DATA FOR REVIEW Start Marker

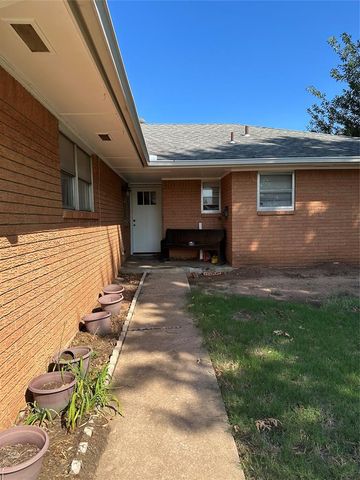 101 Burton Place, Edmond, OK 73013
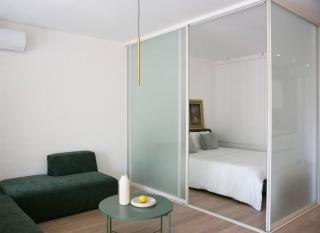 Elegant living in the heart of Tirana - Tirana - 8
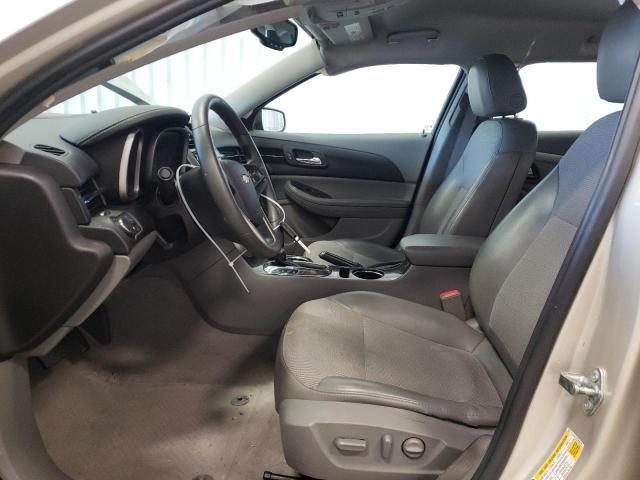 1G11C5SLXFF265670 - 2015 CHEVROLET MALIBU 1LT TAN photo 7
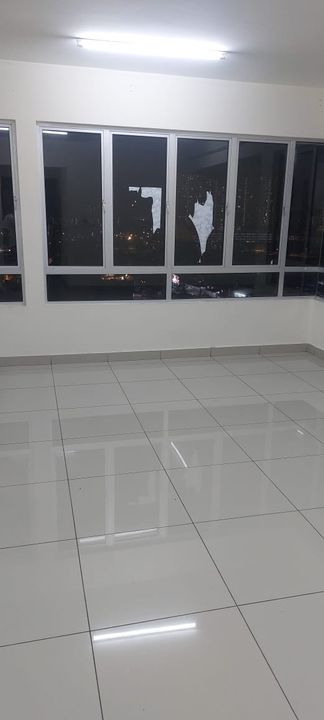 KL Setapak Pv21 Condo 3 Room2 Bathroom For Rent Partly Furnished , Kuala Lumpur, Setapak
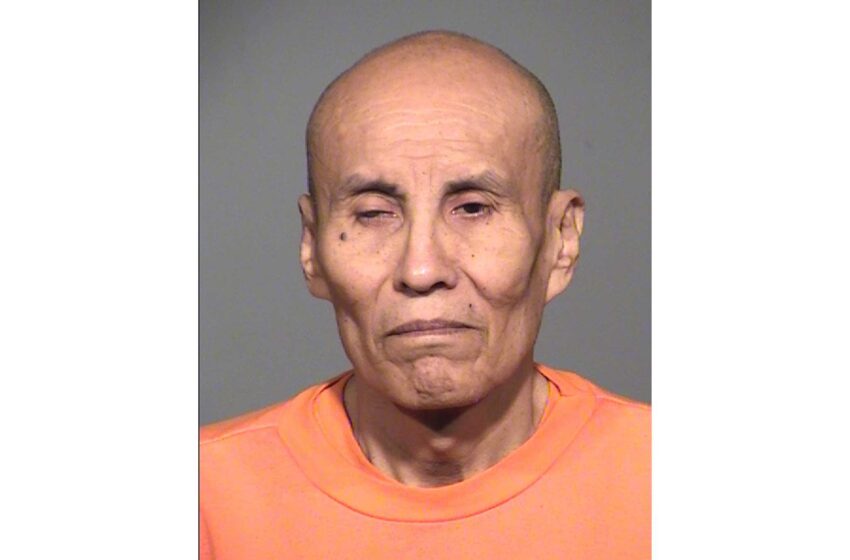 Juez: Un preso de Arizona está en condiciones psicológicas de ser ejecutado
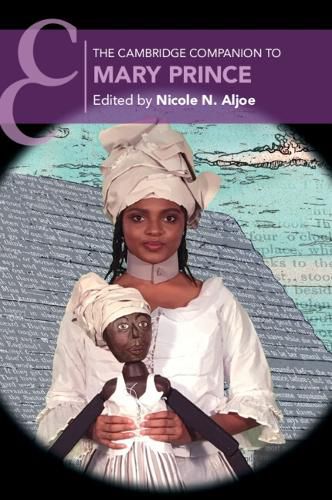 Cover image for The Cambridge Companion to Mary Prince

DATA FOR REVIEW End Marker

Copy out, exactly and without pictures, each line from the one containing "Elegant living in" through the final line of the entries, both ends included.

 Elegant living in the heart of Tirana - Tirana - 8
 1G11C5SLXFF265670 - 2015 CHEVROLET MALIBU 1LT TAN photo 7
 KL Setapak Pv21 Condo 3 Room2 Bathroom For Rent Partly Furnished , Kuala Lumpur, Setapak
 Juez: Un preso de Arizona está en condiciones psicológicas de ser ejecutado
 Cover image for The Cambridge Companion to Mary Prince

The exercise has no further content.